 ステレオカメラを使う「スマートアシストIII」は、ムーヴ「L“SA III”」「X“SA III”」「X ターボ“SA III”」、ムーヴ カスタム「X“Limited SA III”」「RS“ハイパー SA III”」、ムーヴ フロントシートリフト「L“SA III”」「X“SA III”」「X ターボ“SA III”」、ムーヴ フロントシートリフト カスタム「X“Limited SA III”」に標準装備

==

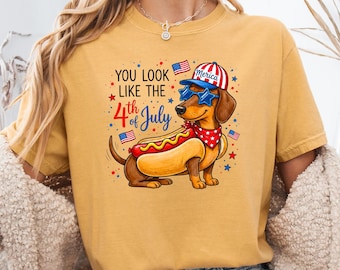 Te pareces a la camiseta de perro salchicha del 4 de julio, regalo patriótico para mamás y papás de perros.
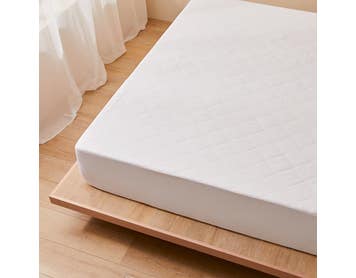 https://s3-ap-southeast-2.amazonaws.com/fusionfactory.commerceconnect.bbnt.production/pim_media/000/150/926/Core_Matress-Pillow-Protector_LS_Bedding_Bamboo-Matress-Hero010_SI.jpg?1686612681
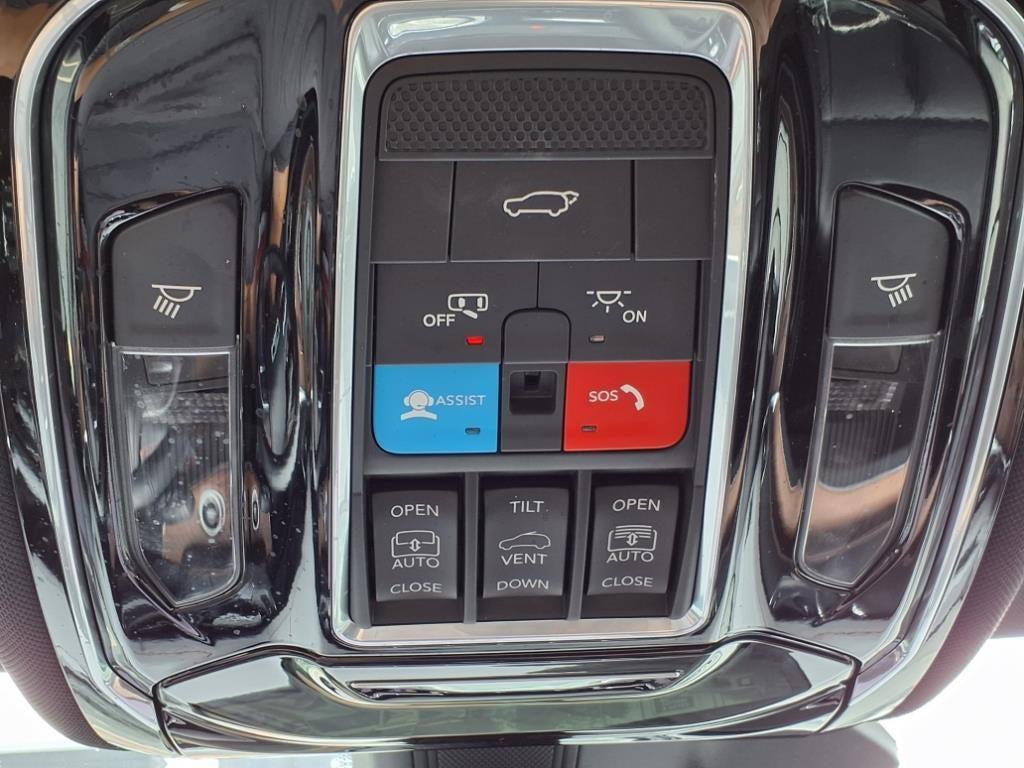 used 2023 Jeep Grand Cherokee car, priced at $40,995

**WHAT YOU ARE ASKED TO DO:** Without the pictures, set down the lines above from the line with "Te pareces a" up to and including the line with "used 2023 Jeep" exactly as they stand.

**ANSWER AREA:**
 Te pareces a la camiseta de perro salchicha del 4 de julio, regalo patriótico para mamás y papás de perros.
 https://s3-ap-southeast-2.amazonaws.com/fusionfactory.commerceconnect.bbnt.production/pim_media/000/150/926/Core_Matress-Pillow-Protector_LS_Bedding_Bamboo-Matress-Hero010_SI.jpg?1686612681
 used 2023 Jeep Grand Cherokee car, priced at $40,995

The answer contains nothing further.